Há espaço adicional para economias no sistema
previdenciário assim como através da eliminação dos relevantes
aspectos regressivos da tributação.
Uma vez obtidas as economias, seria
desejável e possível redefinir prioridades para o gasto público. Para tanto,
não bastaria levar em conta apenas as verbas alocadas nos ministérios —seria
necessário considerar também os gastos
das demais unidades da federação.
Saez apresenta uma decomposição do gasto do
Estado consolidado europeu em grandes categorias. Faz falta algo assim para o
Brasil. O mais próximo que encontrei (graças a Pedro Herculano de Souza, a quem
sou grato) foi o valioso Balanço do Setor Público Nacional (Secretaria do
Tesouro Nacional, ano base 2019), que tem limitações, mas dá uma ideia das
magnitudes.
Com base nos dados lá obtidos (p. 22),
recriei para o Brasil as principais categorias, que listo a seguir, com o valor
de seus respectivos gastos, em pontos de porcentagem do PIB.
Gasto total 35, Estado mínimo 9, Educação
5, Saúde 5, Previdência 13, Gastos e transferências sociais 3. Uma decomposição
como essa, um pouco mais detalhada, deveria informar o desenho de uma
estratégia de desenvolvimento digna do nome.

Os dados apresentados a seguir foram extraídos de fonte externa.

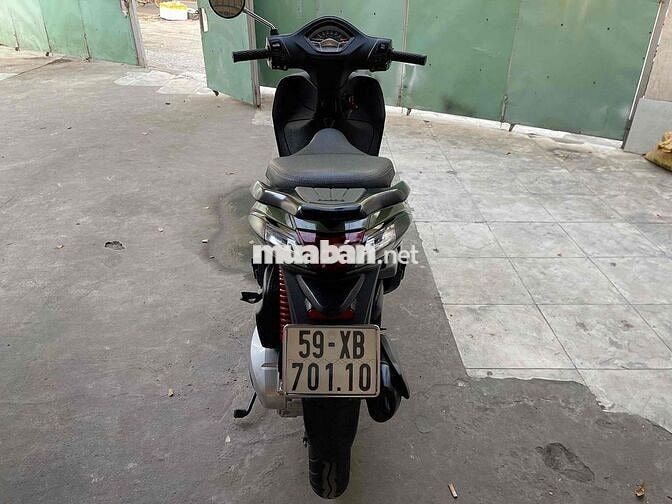 Liberty 2O22.70110.Odo chuẩn 6k km. Bstp. Cọp.❤️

Além da definição de prioridades para o
gasto, o exercício esbarra em questões ligadas à arquitetura da federação e ao
tamanho do Estado. Muito assunto para um artigo curto, mas fica o registro.
Sem clareza quanto ao destino dos recursos
públicos, que explicite as escolhas que necessariamente têm de ser feitas, é
difícil imaginar um futuro melhor para o país.